In the wide world of sport, why is it Australia continues to do so well despite having a relatively small population?
In this article, I will offer some positive reasons to explain Australia's ongoing international sporting success to counter some of the more recent negative analysis of the Australian sporting experience.
For example, Colin Tatz, then an ANU Visiting Professor in Politics and International Relations, argued in 2017 that Australia only excels at a few sports with little international competition, that "we have lost our swimming mojo", and that interest in sport is only short lived and ends once the result is known, in contrast to the enduring nature of great literature, art, and music where "each viewing or hearing gets better".
But he is wrong.

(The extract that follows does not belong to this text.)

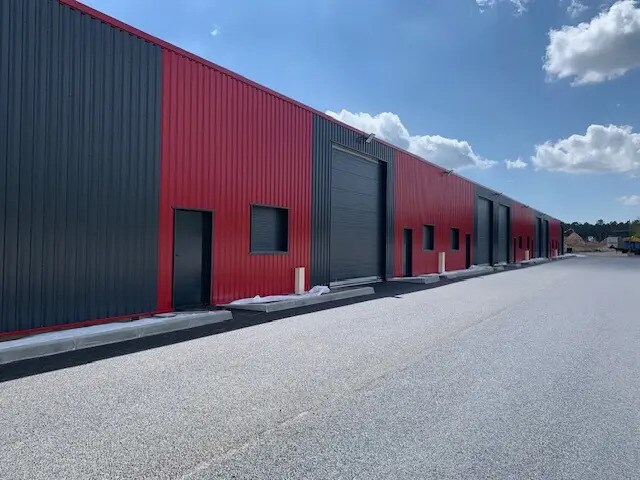 503 Rue André Marie Ampère, Saint-Jean-d'Illac en alquiler Foto del edificio- Imagen 1 de 6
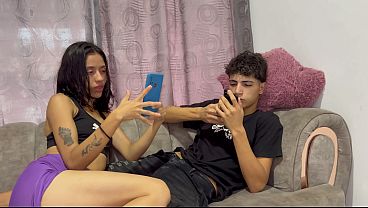 NO TE CORRAS ADENTRO!. Hermanastra ofrece su rico co&ntilde_o a cambio de nuevo telefono.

As of 2021, Australia remains a major sporting power with sport also playing an important part of the Australian social fabric as a force for good.
In terms of results, Australia's swimmers alone won 21 medals (nine golds) at the recent Tokyo Olympic Games (OG) while the entire team won 46 medals (17 golds) to be the sixth most successful nation.
In athletics, Australia only won three medals yet finished 10th when points are awarded for top eight positions from 8 to 1, thus finishing ahead of much larger Western European countries such as Germany, France, Spain and Italy.
At Tokyo, Australia continued to express its prowess in sports such as basketball, hockey, rowing and cycling to a lesser extent, as well as win medals in the new sports long attractive to our youngsters such as skateboarding and surfing.
Outside of the OG, many Australian footballers and basketballers continue to earn high income playing in overseas leagues, our cyclists finished third and fourth in the last two Tour of France races (Richie Porte 2020 and Ben O'Connor 2021), and our professional golf and tennis players continue to do well with Ash Barty winning the French Open in 2019 and Wimbledon in 2021.
I cannot list all of Australia's recent sporting achievements here, but a 2018 list of top sporting nations based on the 55 biggest global sports, ranked Australia fifth best in the world behind the US, France, UK and Spain, regardless of population.
We have long been recognised as a sporting power with the US magazine Sports Illustrated (April 1962) rating Australia the best sporting nationon a population basis when surveying the sporting prowess of 35 countries.
So why does Australia continue to do so well?
First, it is fair to say that the love of sport comes from our competitive British roots, but that Australia's evolving commitment to international sporting success since is not merely as Tatz argues the promotion "of a warrior nation: tough, rugged, aggressive, competitive, resilient, essentially manly and matey" with this mentality evident "in every major war since 1899, and in every modern Olympics since 1896".